### What you need to do
Under this line are records; the part from the line containing "Drawer and Shelf" through the line containing "Cypriot silver sweetmeat forks and spoons" should be repeated exactly. Please exclude pictures.

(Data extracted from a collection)
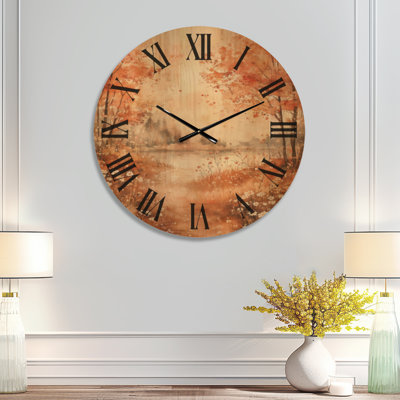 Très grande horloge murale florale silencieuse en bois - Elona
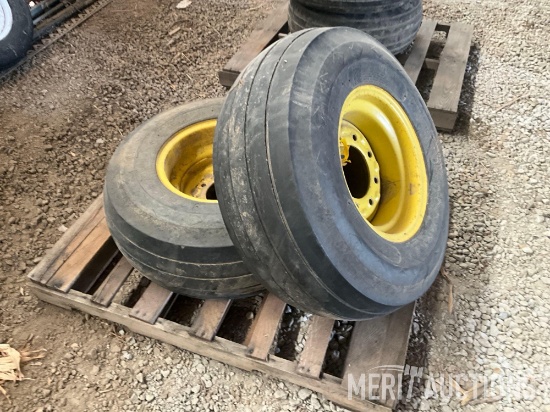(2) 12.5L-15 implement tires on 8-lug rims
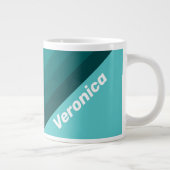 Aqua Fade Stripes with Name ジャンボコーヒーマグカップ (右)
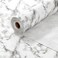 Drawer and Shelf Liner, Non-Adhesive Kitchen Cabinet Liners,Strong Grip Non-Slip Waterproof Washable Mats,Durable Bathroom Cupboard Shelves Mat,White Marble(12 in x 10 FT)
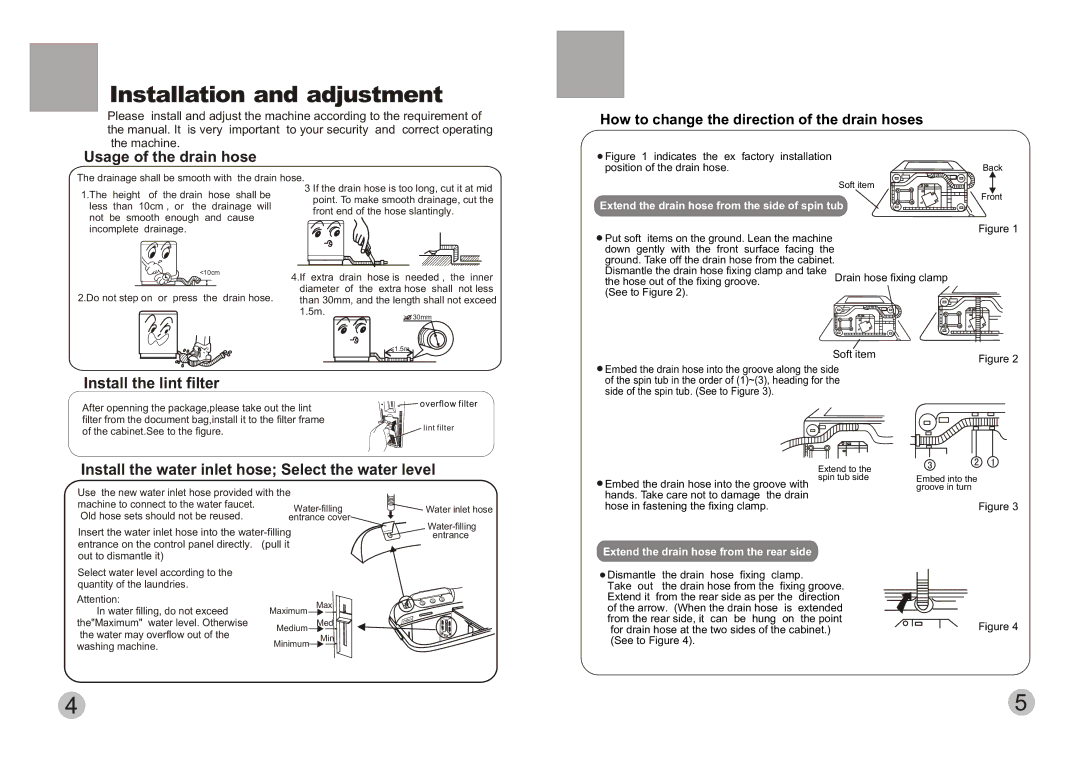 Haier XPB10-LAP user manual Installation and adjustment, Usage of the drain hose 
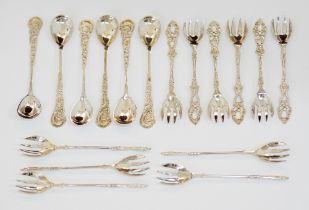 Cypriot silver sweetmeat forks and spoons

---

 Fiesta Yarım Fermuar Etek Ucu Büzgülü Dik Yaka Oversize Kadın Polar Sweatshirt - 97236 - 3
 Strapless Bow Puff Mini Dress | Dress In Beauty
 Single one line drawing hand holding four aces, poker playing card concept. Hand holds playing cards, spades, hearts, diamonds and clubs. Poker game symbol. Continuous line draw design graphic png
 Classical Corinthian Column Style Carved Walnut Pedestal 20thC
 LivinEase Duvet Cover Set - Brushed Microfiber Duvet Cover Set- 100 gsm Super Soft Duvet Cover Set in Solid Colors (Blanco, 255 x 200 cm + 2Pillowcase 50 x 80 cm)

### Finished exercise
 Drawer and Shelf Liner, Non-Adhesive Kitchen Cabinet Liners,Strong Grip Non-Slip Waterproof Washable Mats,Durable Bathroom Cupboard Shelves Mat,White Marble(12 in x 10 FT)
 Haier XPB10-LAP user manual Installation and adjustment, Usage of the drain hose 
 Cypriot silver sweetmeat forks and spoons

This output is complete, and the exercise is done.